Statistics 200
schoolboy3013WEEK 4 HOMEWORK: LANE CHAPTER 7 AND ILLOWSKY CHAPTERS 6 AND 7
THE NORMAL DISTRIBUTION Z-TABLES ARE ATTACHED AND YOU ARE TO USE THEM RATHER THAN SOFTWARE TO SOLVE THESE PROBLEMS. (THIS IS STRAIGHT FORWARD TABLE READING.)
THIS WEEK’S CONCEPTS ARE REALLY THE HEART OF OUR COURSE. PROBABILITY (FROM LAST WEEK) IS THE DRIVING FORCE BEHIND STATISTICS (AND THEORETICAL PHYSICS – WATCH THE PBS MOVIE: “PARTICLE FEVER”).

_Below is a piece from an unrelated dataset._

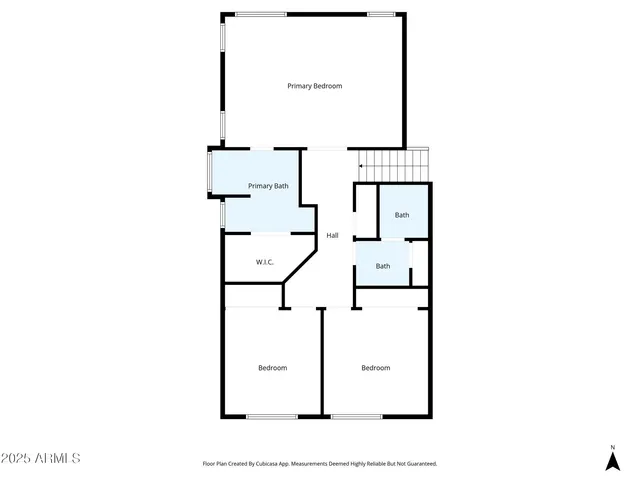 $6,750 | 5044 East Paradise Lane, Scottsdale, AZ 85254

PRINT OUT THE NORMAL DISTRIBUTION TABLES (ONE PAGE) AND REVIEW THEM AS YOU READ ON. THESE AND OTHER TABLES ARE IN OUR COURSE: COURSE CONTENT > COURSE RESOURCES > STATISTICAL RESOURCES > STANDARD NORMAL DISTRIBUTION TABLE |
THE AREAS UNDER PARTS OF THIS GRAPH ARE ALL WE ARE TRYING TO FIGURE OUT IN STATISTICS. IT’S THAT EASY.
HERE IS HOW WE DO IT:
· WE HAVE OUR DATA SET OF X-VALUES, WHICH CAN BE NUMBERS REPRESENTING HEIGHTS, WEIGHTS, AGES, ETC., OR THE NUMBERS CAN BE THE MEANS OF OUR SAMPLES, OR THE VARIANCES OF OUR SAMPLES OR THE STANDARD DEVIATIONS OF OUR SAMPLES. WE ALSO HAVE THE MEANS, VARIANCES AND STANDARD DEVIATIONS OF THESE STATISTICS DATA SETS
· WE “STANDARDIZE” OR CONVERT THESE INDIVIDUAL DATA VALUES TO Z-VALUES: Z = (X – MEAN) / STANDARD DEVIATION (DO THE SUBTRACTION FIRST). THE STANDARDIZED “Z-VALUE” IS SIMPLY THE NUMBER OF STANDARD DEVIATIONS THAT OUR CONVERTED X-VALUE IS FROM THE MEAN (AND THE STANDARDIZED MEAN IS ALWAYS ZERO). THE Z-VALUES CAN BE POSITIVE (TO THE RIGHT OF THE MEAN) OR NEGATIVE (TO THE LEFT OF THE MEAN), JUST AS YOUR 30 DATA POINTS WERE ABOVE AND BELOW THE MEAN.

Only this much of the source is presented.